[EXERCISE PROMPT]
Among the lines below, the one containing "Apartamento com 3" opens the range and the one containing "NAUTICA sleepwear size" closes it. Print that range exactly, without the pictures.
━━ DATA FOR THIS TASK
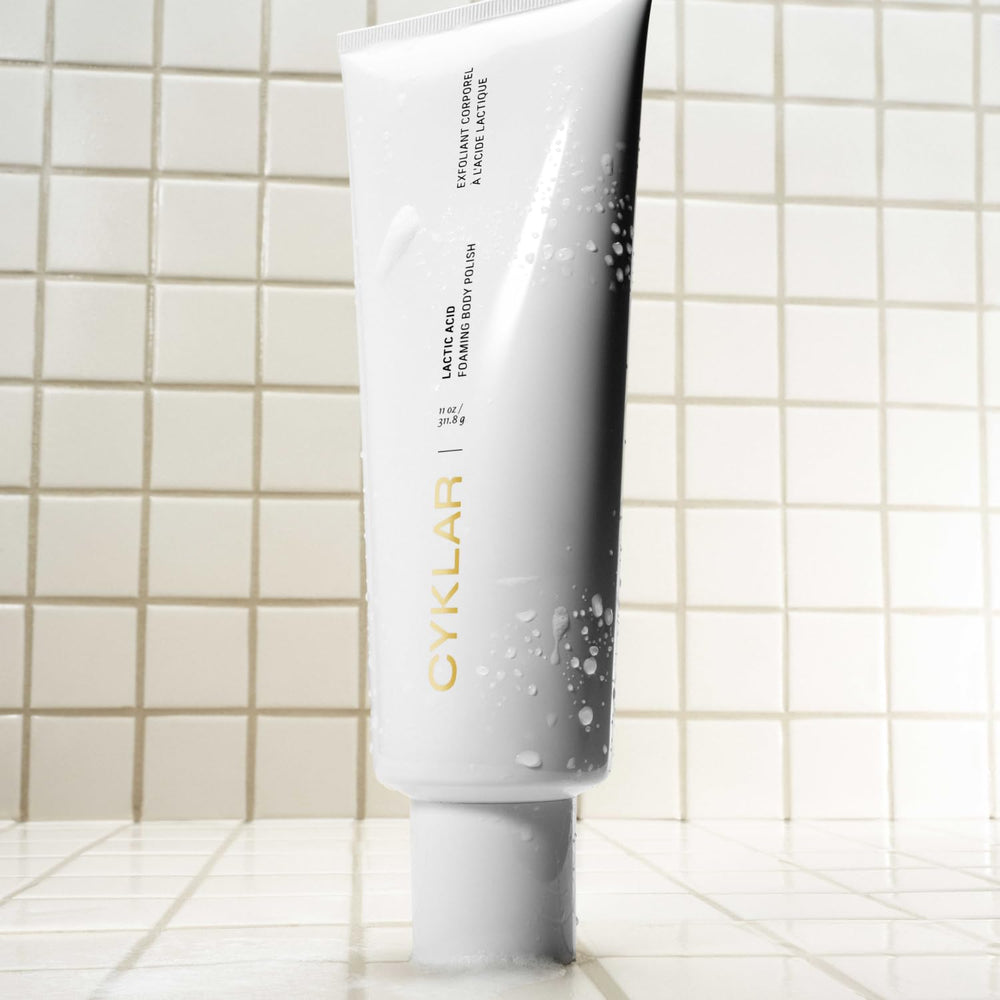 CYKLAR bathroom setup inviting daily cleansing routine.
━━━━
━━ DATA FOR THIS TASK
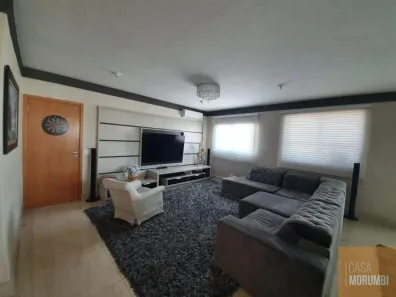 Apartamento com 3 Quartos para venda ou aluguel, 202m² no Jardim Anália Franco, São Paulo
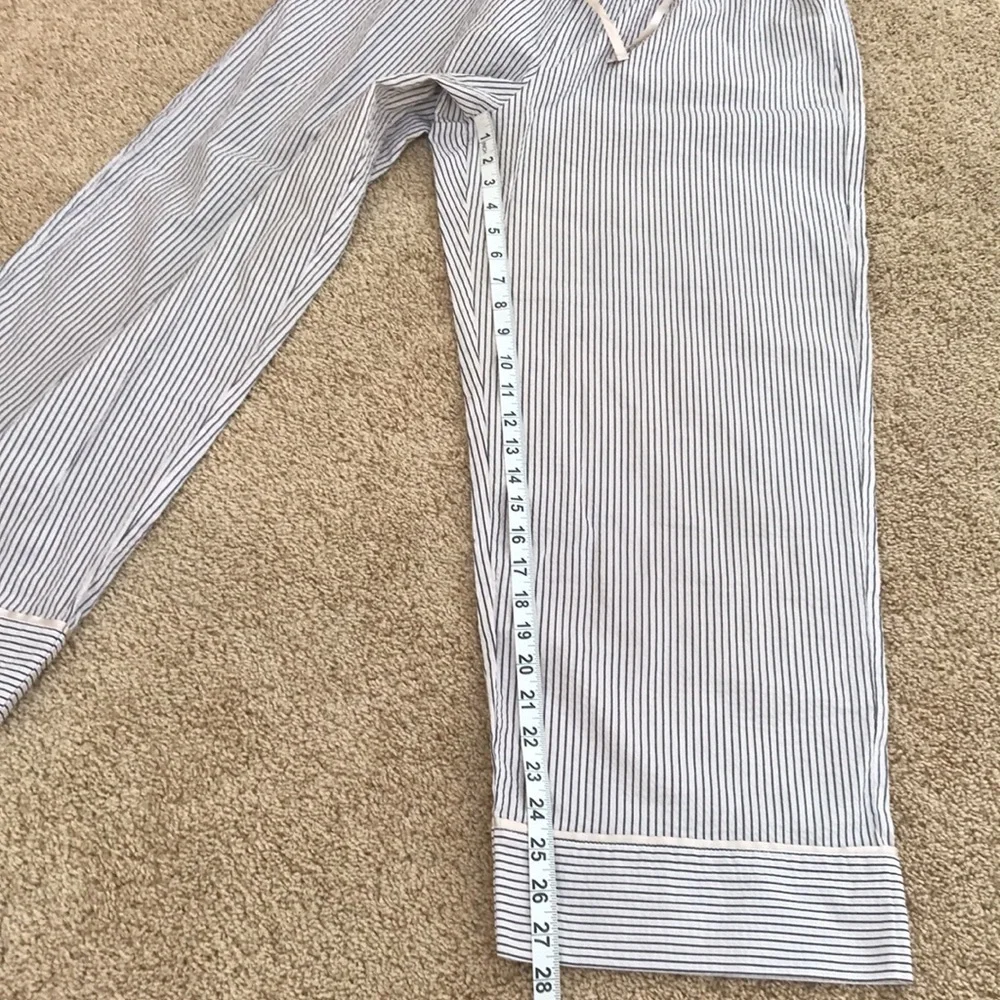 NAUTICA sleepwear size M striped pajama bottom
━━━━
━━ DATA FOR THIS TASK
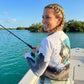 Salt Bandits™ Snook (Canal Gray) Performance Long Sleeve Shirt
━━━━
[EXERCISE RESULT]
 Apartamento com 3 Quartos para venda ou aluguel, 202m² no Jardim Anália Franco, São Paulo
 NAUTICA sleepwear size M striped pajama bottom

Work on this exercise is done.